Quinone-induced oxidative stress elevates glutathione and induces gamma-glutamylcysteine synthetase activity in rat lung epithelial L2 cells.

Glutathione (GSH) is one of the most important physiological antioxidants involved in detoxification of hydrogen peroxide and lipid hydroperoxide. Previous studies have shown that cells can maintain and even increase cellular GSH content in response to sublethal oxidative stress. We hypothesized that gamma-glutamylcysteine synthetase (gamma GCS), the rate-limiting enzyme in de novo GSH synthesis, could be induced by oxidative stress. Rat lung epithelial L2 cells were challenged with 2,3-dimethoxy-1,4-naphthoquinone (DMNQ), generates O2.- and H2O2 continuously through redox cycling. Exposure of confluent L2 cells with sublethal doses of DMNQ caused sustained elevation of cellular GSH levels over a 24-h period (to 2.5-fold with 10 microM). DMNQ caused increases in gamma GCS activity (70% at 24 h with 10 microM), the gamma GCS catalytic heavy subunit (gamma GCS-HS) protein level, and gamma GCS-HS mRNA content (approximately 4-fold after 6 h with 10 microM).

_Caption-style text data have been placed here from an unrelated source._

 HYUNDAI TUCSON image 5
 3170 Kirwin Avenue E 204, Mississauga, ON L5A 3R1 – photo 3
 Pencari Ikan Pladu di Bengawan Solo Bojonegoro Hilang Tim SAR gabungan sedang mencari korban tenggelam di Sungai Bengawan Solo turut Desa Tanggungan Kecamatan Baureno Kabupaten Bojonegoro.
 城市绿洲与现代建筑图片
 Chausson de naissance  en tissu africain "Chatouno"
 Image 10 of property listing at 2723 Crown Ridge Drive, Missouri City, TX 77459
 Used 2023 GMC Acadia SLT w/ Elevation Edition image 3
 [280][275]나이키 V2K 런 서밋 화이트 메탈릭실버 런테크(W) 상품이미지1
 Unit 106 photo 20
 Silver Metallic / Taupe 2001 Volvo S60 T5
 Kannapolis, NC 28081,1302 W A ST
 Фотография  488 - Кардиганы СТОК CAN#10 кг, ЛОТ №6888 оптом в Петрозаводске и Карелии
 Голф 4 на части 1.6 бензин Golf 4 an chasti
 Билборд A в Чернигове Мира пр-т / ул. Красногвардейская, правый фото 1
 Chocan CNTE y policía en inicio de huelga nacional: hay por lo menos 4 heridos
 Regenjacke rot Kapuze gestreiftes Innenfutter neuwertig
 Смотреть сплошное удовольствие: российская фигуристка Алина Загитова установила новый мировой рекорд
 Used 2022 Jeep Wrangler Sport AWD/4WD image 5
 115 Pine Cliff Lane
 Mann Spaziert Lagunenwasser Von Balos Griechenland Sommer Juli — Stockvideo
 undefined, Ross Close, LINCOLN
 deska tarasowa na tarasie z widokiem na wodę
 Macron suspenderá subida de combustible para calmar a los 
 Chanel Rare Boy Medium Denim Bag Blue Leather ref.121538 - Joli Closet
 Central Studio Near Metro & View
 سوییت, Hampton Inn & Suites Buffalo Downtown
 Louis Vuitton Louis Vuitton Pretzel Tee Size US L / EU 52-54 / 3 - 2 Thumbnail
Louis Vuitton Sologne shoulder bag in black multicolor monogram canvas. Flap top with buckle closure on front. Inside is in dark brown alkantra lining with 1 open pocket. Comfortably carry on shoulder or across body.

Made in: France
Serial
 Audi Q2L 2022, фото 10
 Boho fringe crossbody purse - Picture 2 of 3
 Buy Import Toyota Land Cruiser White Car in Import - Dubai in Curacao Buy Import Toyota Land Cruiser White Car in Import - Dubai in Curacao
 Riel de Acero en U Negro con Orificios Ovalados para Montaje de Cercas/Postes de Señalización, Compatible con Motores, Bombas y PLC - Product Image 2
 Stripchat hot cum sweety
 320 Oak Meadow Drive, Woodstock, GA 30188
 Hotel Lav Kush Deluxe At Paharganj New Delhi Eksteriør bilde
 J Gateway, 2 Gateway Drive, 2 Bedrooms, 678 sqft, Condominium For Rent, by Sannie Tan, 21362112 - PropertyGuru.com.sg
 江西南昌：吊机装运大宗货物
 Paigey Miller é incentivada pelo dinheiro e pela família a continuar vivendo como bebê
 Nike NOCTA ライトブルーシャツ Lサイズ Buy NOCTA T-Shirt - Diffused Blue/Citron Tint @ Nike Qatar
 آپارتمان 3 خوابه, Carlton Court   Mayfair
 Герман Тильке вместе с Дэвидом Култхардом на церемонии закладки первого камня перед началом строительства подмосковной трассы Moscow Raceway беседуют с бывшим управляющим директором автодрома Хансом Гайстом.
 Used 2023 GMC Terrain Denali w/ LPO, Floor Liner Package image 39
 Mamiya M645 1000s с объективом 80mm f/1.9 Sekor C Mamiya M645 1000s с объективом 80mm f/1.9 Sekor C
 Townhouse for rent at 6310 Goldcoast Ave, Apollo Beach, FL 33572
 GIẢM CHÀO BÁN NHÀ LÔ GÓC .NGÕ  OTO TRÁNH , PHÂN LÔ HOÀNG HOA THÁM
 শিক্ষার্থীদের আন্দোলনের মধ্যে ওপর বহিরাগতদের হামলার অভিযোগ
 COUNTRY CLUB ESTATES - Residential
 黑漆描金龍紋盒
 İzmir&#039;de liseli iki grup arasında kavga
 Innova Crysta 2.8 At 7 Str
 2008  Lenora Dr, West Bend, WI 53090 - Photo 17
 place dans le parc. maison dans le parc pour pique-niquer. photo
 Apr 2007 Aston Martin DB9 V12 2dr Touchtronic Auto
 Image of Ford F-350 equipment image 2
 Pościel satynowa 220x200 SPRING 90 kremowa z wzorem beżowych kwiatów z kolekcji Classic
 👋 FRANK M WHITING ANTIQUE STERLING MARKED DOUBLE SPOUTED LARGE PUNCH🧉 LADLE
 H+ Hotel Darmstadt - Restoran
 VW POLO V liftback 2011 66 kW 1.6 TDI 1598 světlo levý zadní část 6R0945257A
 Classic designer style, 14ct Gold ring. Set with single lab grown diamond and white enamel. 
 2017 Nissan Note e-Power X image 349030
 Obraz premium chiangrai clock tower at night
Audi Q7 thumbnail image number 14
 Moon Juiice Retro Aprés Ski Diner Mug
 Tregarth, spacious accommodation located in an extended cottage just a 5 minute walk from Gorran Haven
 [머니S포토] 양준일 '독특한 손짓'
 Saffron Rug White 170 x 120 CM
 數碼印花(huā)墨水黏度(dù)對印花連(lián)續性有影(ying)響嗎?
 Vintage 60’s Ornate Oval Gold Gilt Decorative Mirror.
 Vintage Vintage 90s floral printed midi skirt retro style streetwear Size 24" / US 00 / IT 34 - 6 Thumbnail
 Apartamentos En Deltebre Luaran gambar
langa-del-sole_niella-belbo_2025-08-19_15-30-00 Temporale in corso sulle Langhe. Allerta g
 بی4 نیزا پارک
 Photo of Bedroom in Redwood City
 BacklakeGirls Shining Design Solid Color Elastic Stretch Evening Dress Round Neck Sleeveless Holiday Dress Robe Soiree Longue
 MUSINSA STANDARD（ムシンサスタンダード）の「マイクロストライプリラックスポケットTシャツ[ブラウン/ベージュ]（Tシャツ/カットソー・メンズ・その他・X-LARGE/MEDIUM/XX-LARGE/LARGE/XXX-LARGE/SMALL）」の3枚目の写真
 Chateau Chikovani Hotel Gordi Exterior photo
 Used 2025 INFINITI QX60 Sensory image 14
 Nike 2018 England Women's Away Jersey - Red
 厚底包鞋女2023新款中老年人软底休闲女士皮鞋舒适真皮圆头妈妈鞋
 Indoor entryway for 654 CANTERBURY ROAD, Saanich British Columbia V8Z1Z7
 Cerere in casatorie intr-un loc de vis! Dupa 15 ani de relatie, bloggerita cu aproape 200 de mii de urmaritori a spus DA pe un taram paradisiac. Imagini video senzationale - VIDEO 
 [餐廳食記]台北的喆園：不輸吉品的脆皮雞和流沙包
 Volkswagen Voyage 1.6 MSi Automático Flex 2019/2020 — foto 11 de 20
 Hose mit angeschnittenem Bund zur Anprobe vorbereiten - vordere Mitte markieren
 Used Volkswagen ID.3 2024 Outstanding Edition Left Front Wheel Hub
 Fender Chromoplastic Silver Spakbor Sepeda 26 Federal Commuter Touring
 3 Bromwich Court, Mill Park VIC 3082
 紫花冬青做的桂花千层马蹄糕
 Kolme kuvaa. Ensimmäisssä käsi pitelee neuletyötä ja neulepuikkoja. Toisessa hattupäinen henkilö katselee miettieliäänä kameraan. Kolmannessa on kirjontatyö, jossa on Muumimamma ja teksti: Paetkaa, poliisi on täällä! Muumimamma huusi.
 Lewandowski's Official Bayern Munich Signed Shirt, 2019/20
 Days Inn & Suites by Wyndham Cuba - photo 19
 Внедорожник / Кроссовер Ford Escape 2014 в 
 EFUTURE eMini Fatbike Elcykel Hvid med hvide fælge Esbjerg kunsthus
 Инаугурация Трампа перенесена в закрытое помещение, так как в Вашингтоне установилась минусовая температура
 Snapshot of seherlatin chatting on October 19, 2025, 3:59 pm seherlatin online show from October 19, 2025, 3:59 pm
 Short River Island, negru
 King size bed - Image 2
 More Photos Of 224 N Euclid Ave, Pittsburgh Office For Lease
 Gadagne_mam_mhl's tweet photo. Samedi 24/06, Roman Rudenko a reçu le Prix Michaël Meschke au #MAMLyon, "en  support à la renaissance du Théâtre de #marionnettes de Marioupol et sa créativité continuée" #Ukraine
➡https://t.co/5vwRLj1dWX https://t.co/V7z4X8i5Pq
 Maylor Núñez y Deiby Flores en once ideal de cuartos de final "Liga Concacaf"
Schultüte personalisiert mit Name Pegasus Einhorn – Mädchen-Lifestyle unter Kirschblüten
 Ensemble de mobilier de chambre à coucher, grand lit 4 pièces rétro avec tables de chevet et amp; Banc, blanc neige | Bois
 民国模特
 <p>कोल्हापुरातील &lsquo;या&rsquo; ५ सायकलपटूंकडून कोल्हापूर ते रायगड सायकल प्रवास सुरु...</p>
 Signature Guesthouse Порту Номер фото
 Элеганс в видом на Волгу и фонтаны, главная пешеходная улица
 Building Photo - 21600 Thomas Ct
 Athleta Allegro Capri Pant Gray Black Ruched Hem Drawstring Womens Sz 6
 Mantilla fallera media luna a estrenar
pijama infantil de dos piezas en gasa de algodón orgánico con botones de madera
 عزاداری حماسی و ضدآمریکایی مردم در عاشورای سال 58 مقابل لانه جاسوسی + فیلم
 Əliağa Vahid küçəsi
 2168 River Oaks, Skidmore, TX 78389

The elevation of gamma GCS-HS mRNA by DMNQ was eliminated by co-incubation with actinomycin D. Nuclear run-on experiments demonstrated that the transcriptional rate of the gamma GCS-HS gene was increased by 3- or 6-h exposure to 10 microM DMNQ. Our results suggested that the induction of de novo GSH synthesis by naphthoquinone-induced oxidative stress is associated with the transcriptional activation of the gamma GCS-HS gene and the subsequent elevation in gamma GCS activity. Unlike simpler quinones, DMNQ cannot form a GSH conjugate. Thus, the induction of gamma GCS-HS gene transcription does not require formation of an electrophile-glutathione conjugate.